To do
Using the entries that follow, transcribe only the lines from the line with "3 Channel WiFi" to the line with "Dầu Gội Phủ", both included, exactly as they stand and without pictures.

Information shown
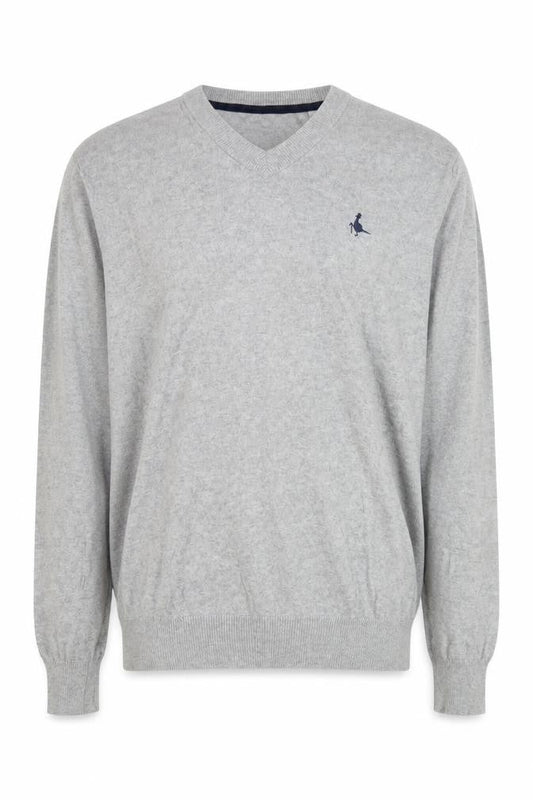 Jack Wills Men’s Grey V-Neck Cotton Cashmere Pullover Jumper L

==

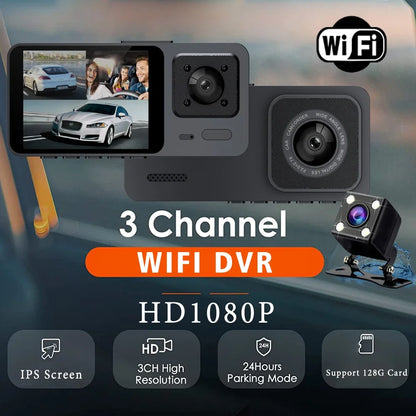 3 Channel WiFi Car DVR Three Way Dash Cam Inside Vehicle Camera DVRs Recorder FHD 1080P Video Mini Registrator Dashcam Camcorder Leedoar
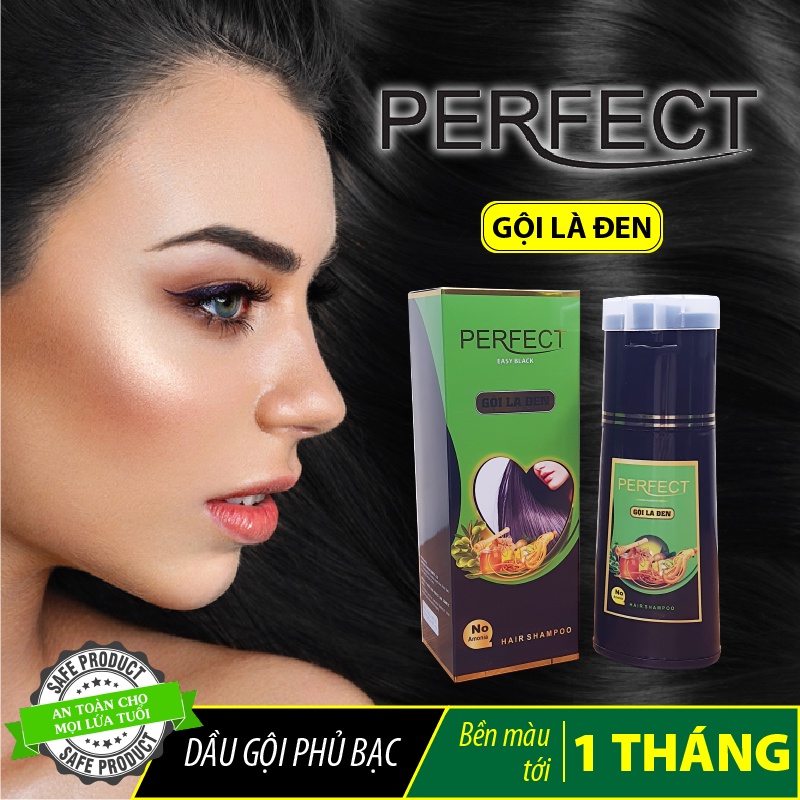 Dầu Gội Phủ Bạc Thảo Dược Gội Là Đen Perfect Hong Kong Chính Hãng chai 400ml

* * *

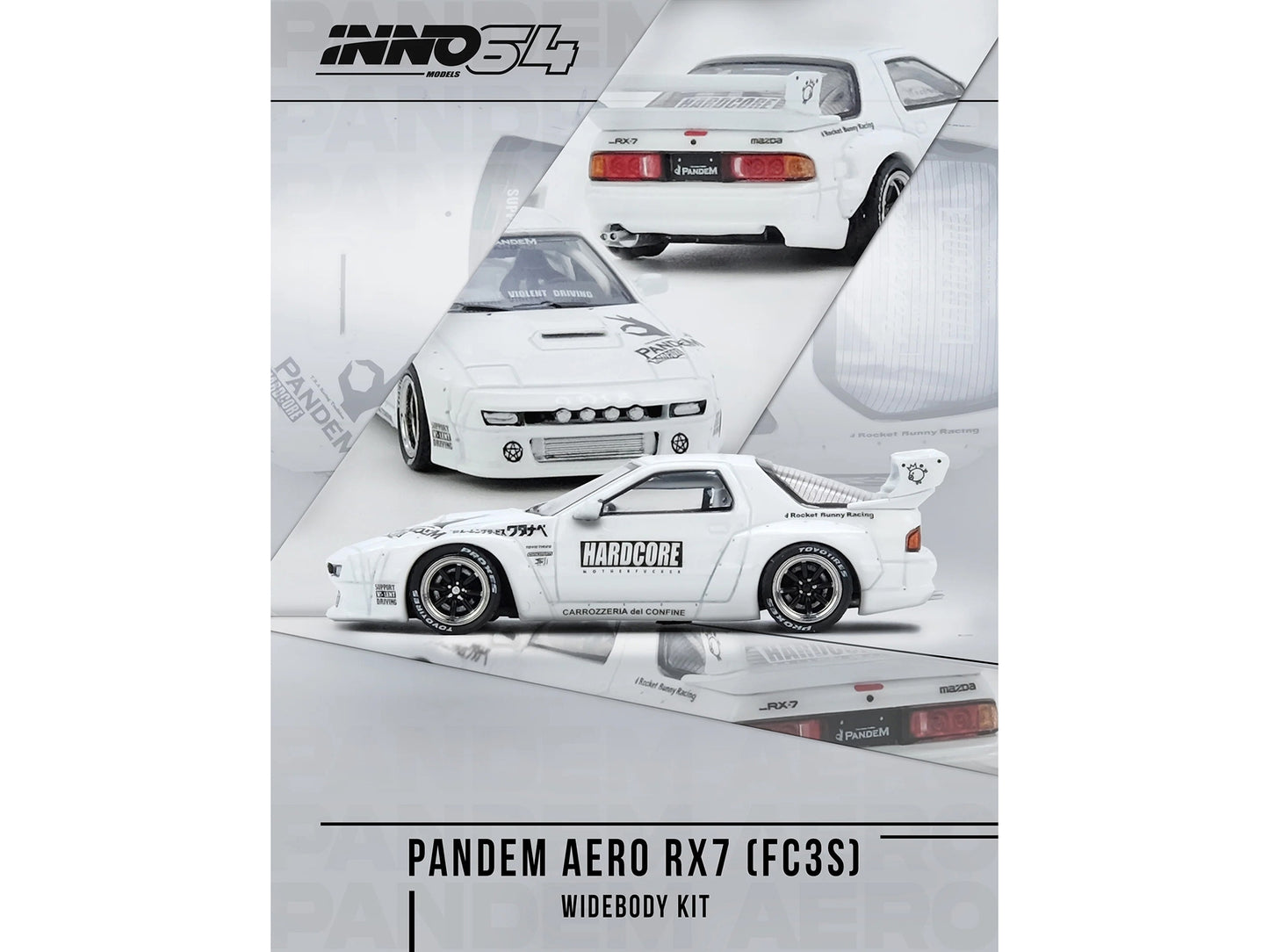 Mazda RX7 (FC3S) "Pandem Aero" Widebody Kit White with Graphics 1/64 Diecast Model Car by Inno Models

Answer to the problem
 3 Channel WiFi Car DVR Three Way Dash Cam Inside Vehicle Camera DVRs Recorder FHD 1080P Video Mini Registrator Dashcam Camcorder Leedoar
 Dầu Gội Phủ Bạc Thảo Dược Gội Là Đen Perfect Hong Kong Chính Hãng chai 400ml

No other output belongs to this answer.